L’équipe che ha realizzato il rapporto è riuscito a raggiungerlo. La zona è isolata e circondata dalla foresta. Individuarlo non è semplice. il cratere si nasconde nel terreno e i secoli, con gli smottamenti e i terremoti, hanno finito per assorbirlo all’orografia della regione. Ma le indagini avviate nel 2016 proprio per confermare l’ipotesi avanzata due anni prima da uno scienziato argentino hanno dimostrato, dati alla mano, la sua esistenza e soprattutto la sua origine.

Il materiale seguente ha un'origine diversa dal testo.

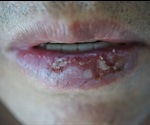 Actinic Cheilitis Diagnosis and Treatment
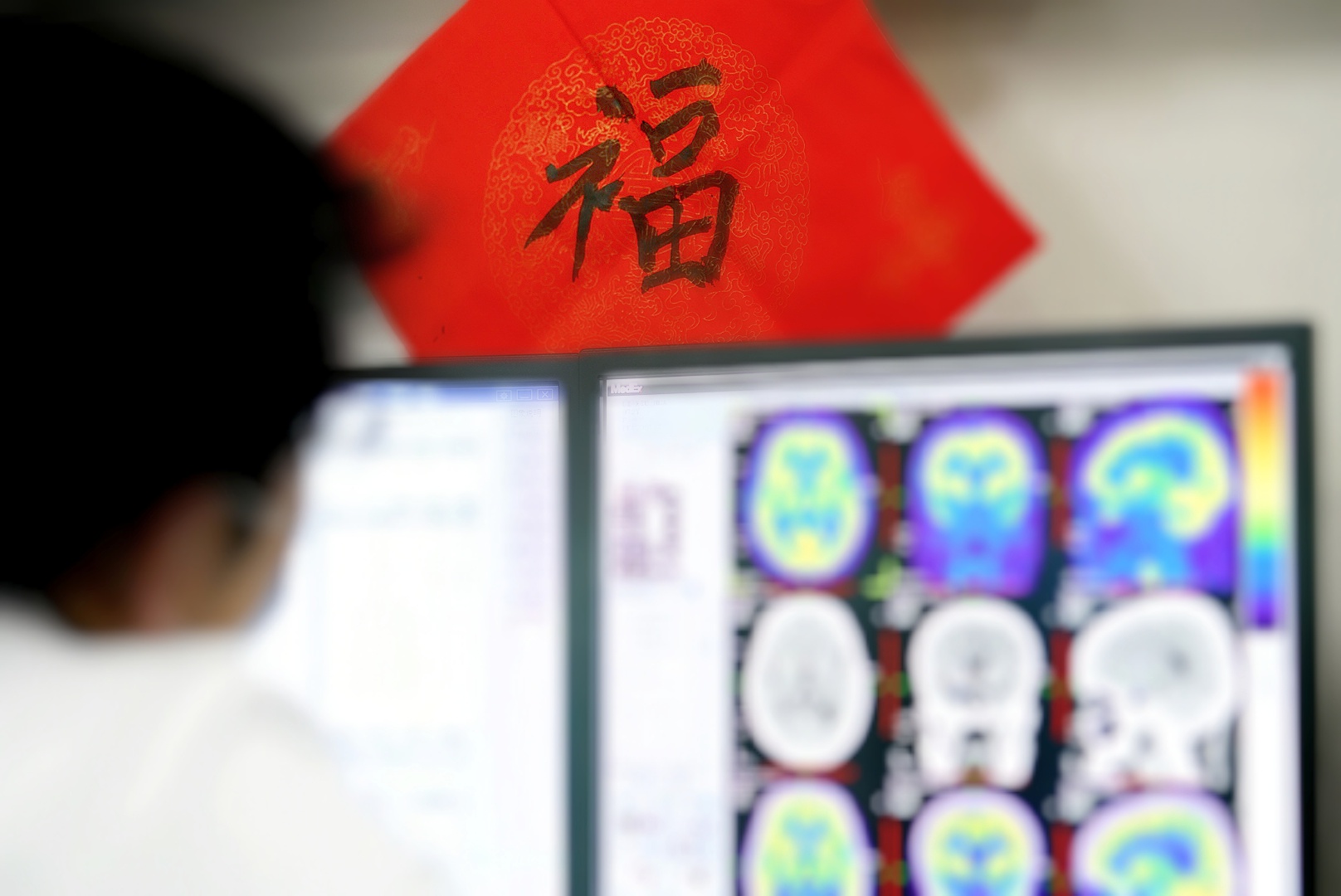 别再因为害怕放疗的副作用而拒绝治疗了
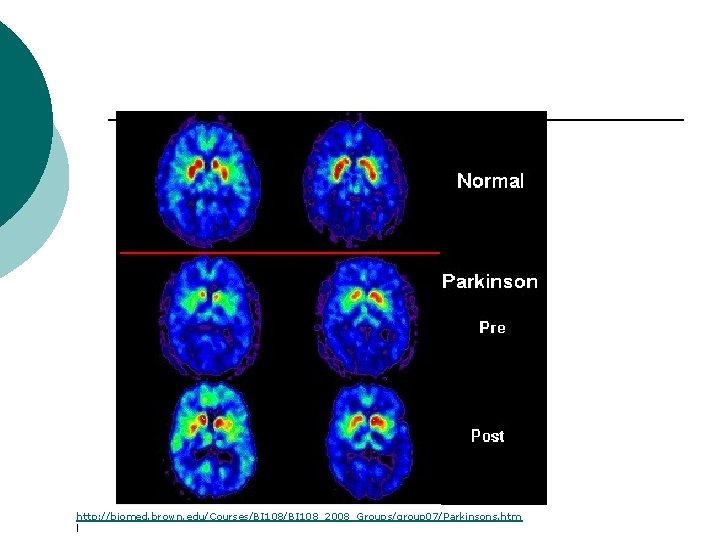 http: //biomed. brown. edu/Courses/BI 108_2008_Groups/group 07/Parkinsons. htm l 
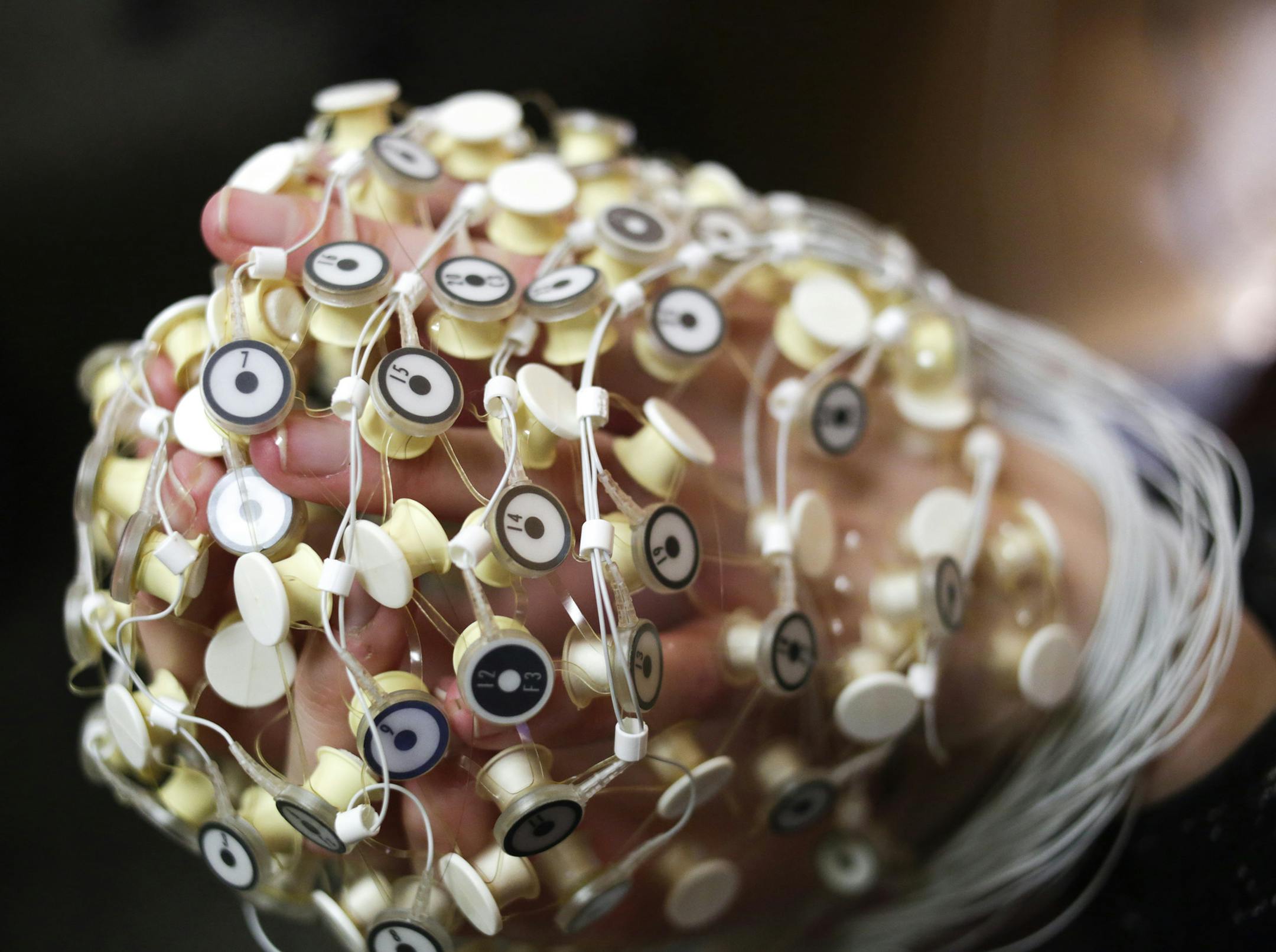 A close up of brain sensors are seen on Tuesday, Jan. 5, 2016, at Athletico in Chicago. (Kristen Norman/Blue Sky/Chicago Tribune/TNS)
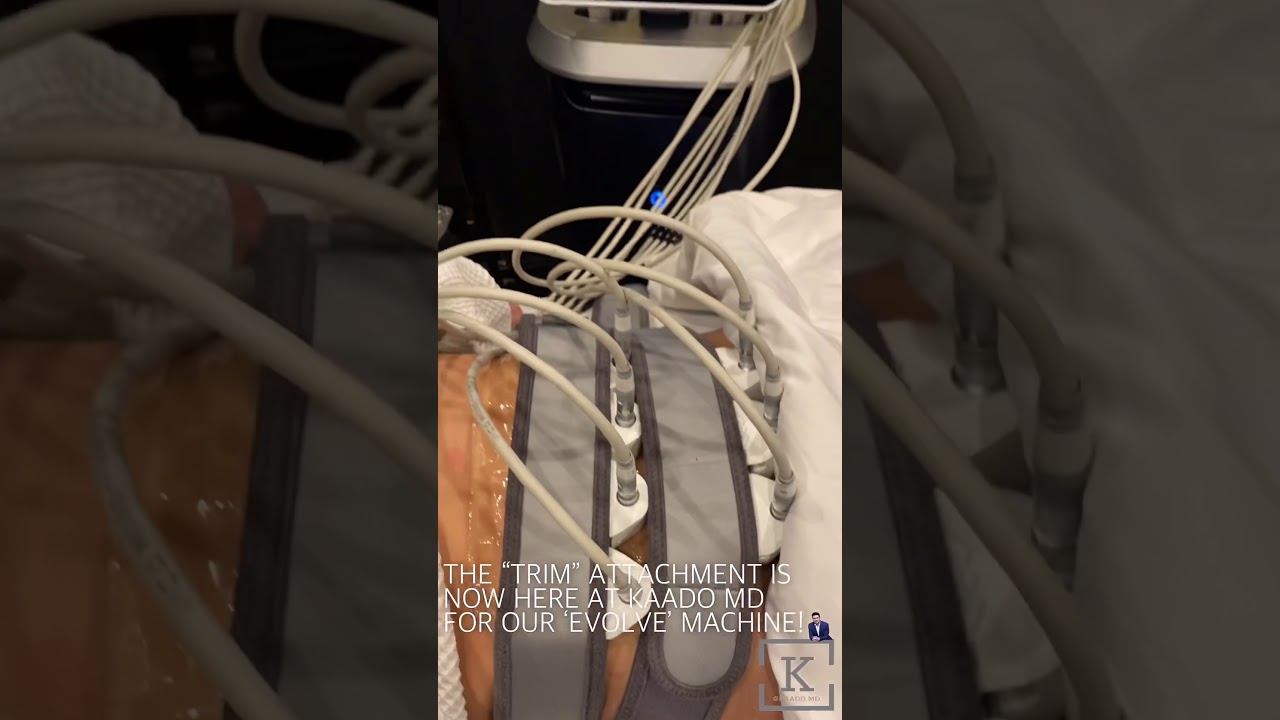 EVOLVE: &ldquo;TRIM&rdquo; ATTACHMENT - KAADO MD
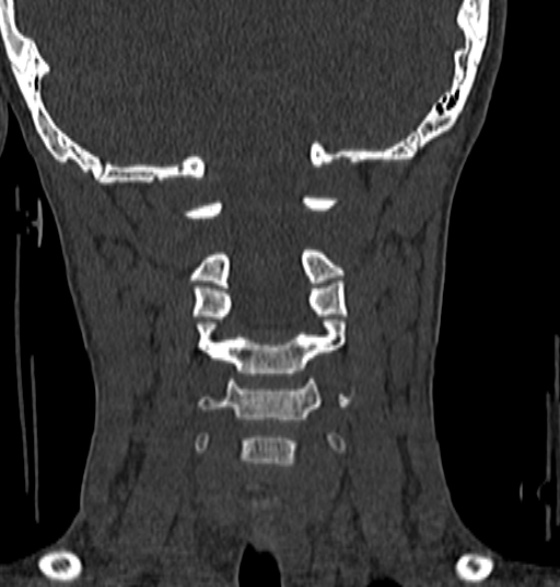File:Normal CT cervical spine - 12-year-old (Radiopaedia 55352-61775 Coronal bone window 105).jpg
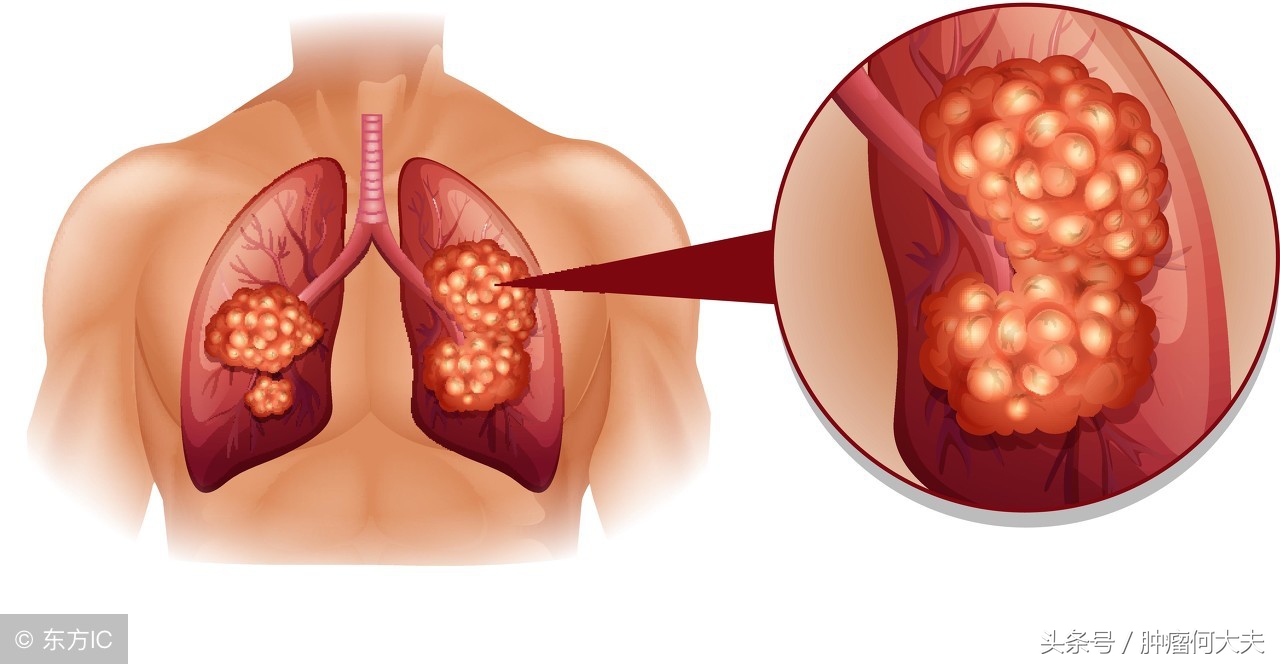肺癌治疗中常用到的“X刀”、“Y刀”等，是什么？效果好吗？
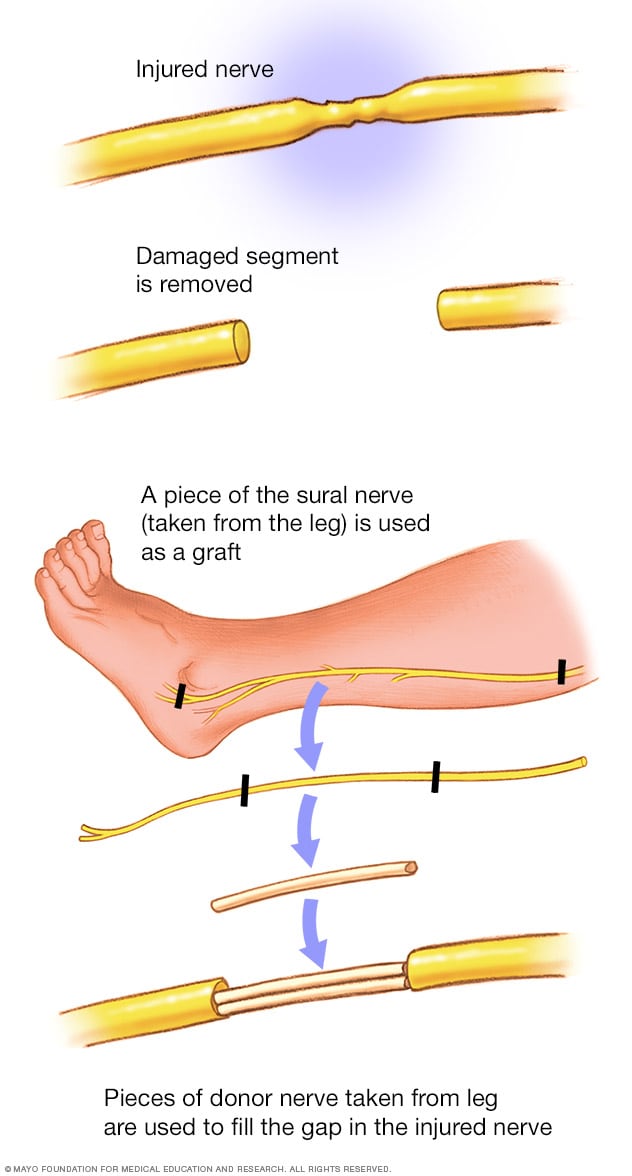 Can peripheral nerves be repaired?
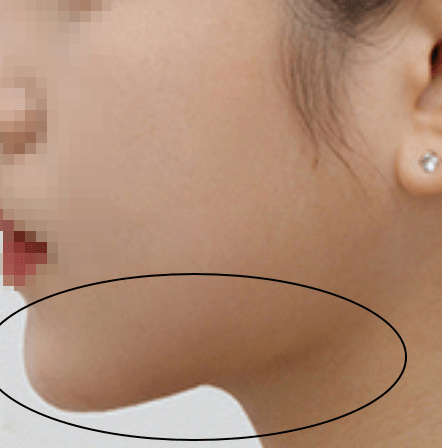 지방흡입 후 여성의 모습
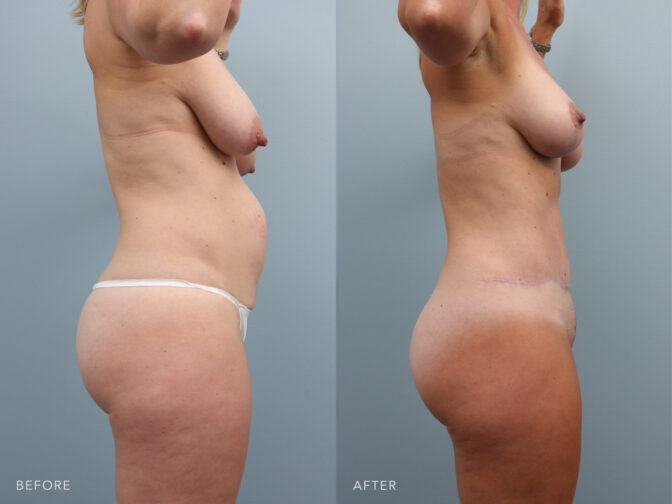 Patient showing before and after results of undergoing a tummy tuck surgery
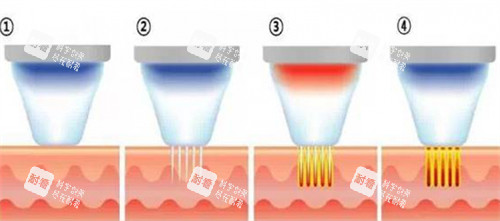 黄金微针施术步骤介绍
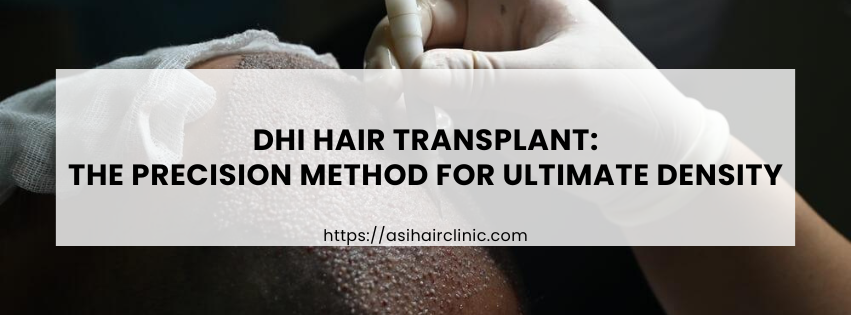 DHI Hair Transplant: The Precision Method for Ultimate Density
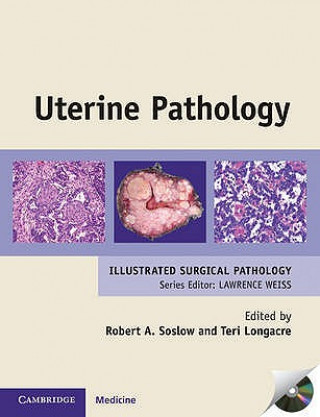 Kniha Uterine Pathology Robert Soslow
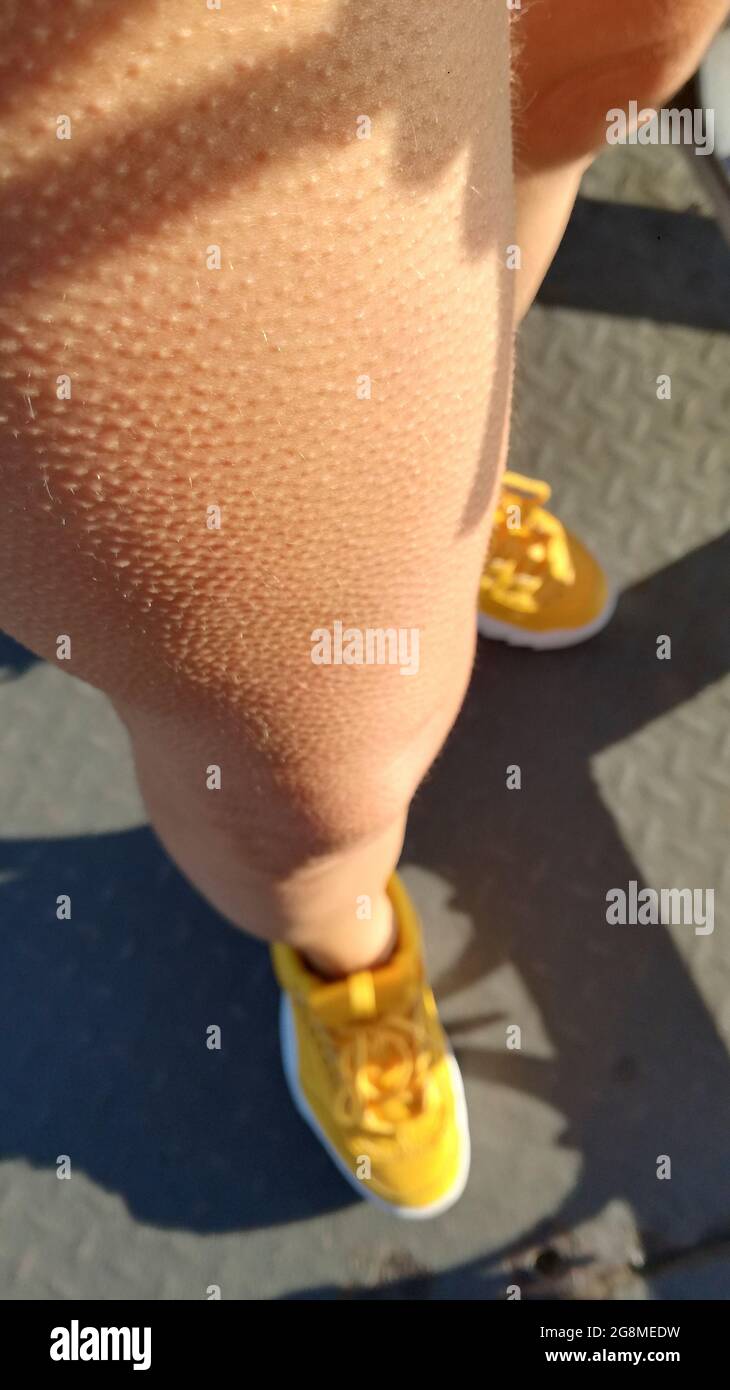 leg detail with goose bumps from cold weather Stock Photo Alamy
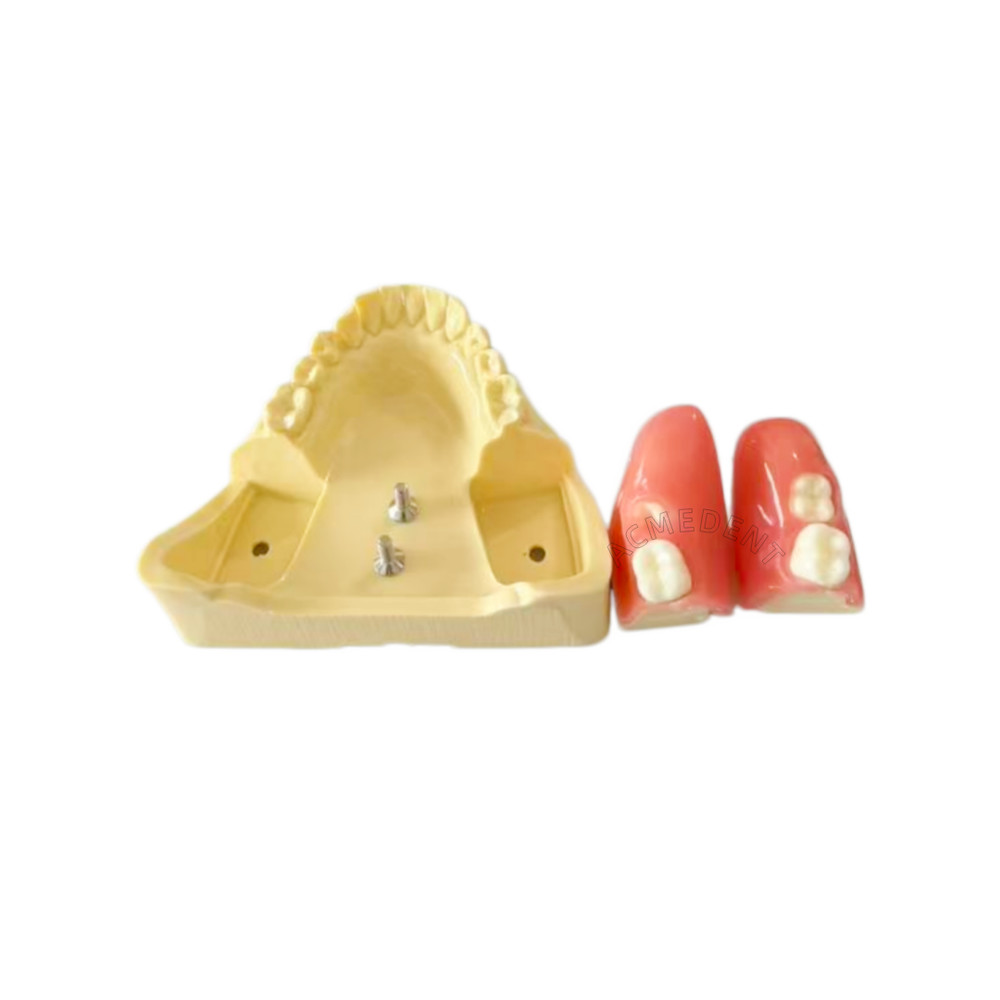 Dental Impacted Tooth Extraction Practice Model Wisdom Teeth Training Students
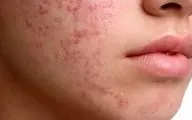 اگر از جوش صورت خسته شدید این مطلب به شما کمک میکند!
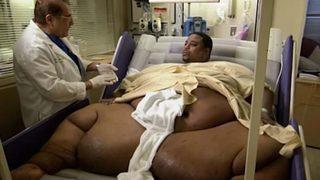 Kilosu tam yarım ton! Evinden çıkartmak için duvarı yıkmak zorunda kaldılar: Tam 4 yıldır yıkanmıyorum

E’ stato applicato un modello geologico per analizzare il comportamento di diversi tratti del terreno circostante e intrecciarlo con le foto satellitari. “Dalle osservazioni”, spiega ancora Castillo, “si nota una struttura con due anelli che circonda un'area completamente piatta. Questo era il cratere”. Ma la prova regina che dimostra l’avvenuto impatto con il corpo celeste è la presenza in superficie di sassi e rocce diversi da quelli distribuiti nei terreni vicini e simili invece a quelli ritrovati in altri schianti di meteoriti sul Pianeta: a Sudbury, in Ontario, Canada, e nel cratere di Vredefort in Sudafrica. “Analizzando questi fossili”, aggiunge Sergio Andrés Torrado Pérez, docente di Scienze e Geofisica all’Università Nazionale della Colombia, “ci sono evidenze mineralogiche, materiali deformati e minerali specifici che si generano ad alte temperature e alte pressioni. Arrivavano dallo spazio e appartenevano a un meteorite che si è compresso e arroventato quando è entrato nella atmosfera terrestre”. Sarebbero stati proprio questi “minerali ferromagnetici”, secondo i ricercatori, ad aver creato tanta biodiversità, la sola al mondo presente nella foresta pluviale.
Adesso si tratta di preservare il cuore dell'Amazzonia. Da anni è percorso da cercatori d’oro e taglialegna che si mischiano con attività legali. Le tribù indigene sono costrette a difendere il loro territorio da un’invasione che per difficoltà logistiche e inerzia non è contrastata in modo efficace dalle autorità governative. Il gruppo di ricerca si è attivato creando un progetto che si chiama “Protezione dell’eredità bioculturale nel territorio ancestrale della comunità indigena Aliwa”. Ci partecipano le organizzazioni WCS-Colombia, Natura e Cultura Internazionale (NCI), Global Wildlife Conservation (GWC) e le Autorità Tradizionali Indigene. Ma serve una vigilanza più oirganizzata e sostenuta a livello internazionale.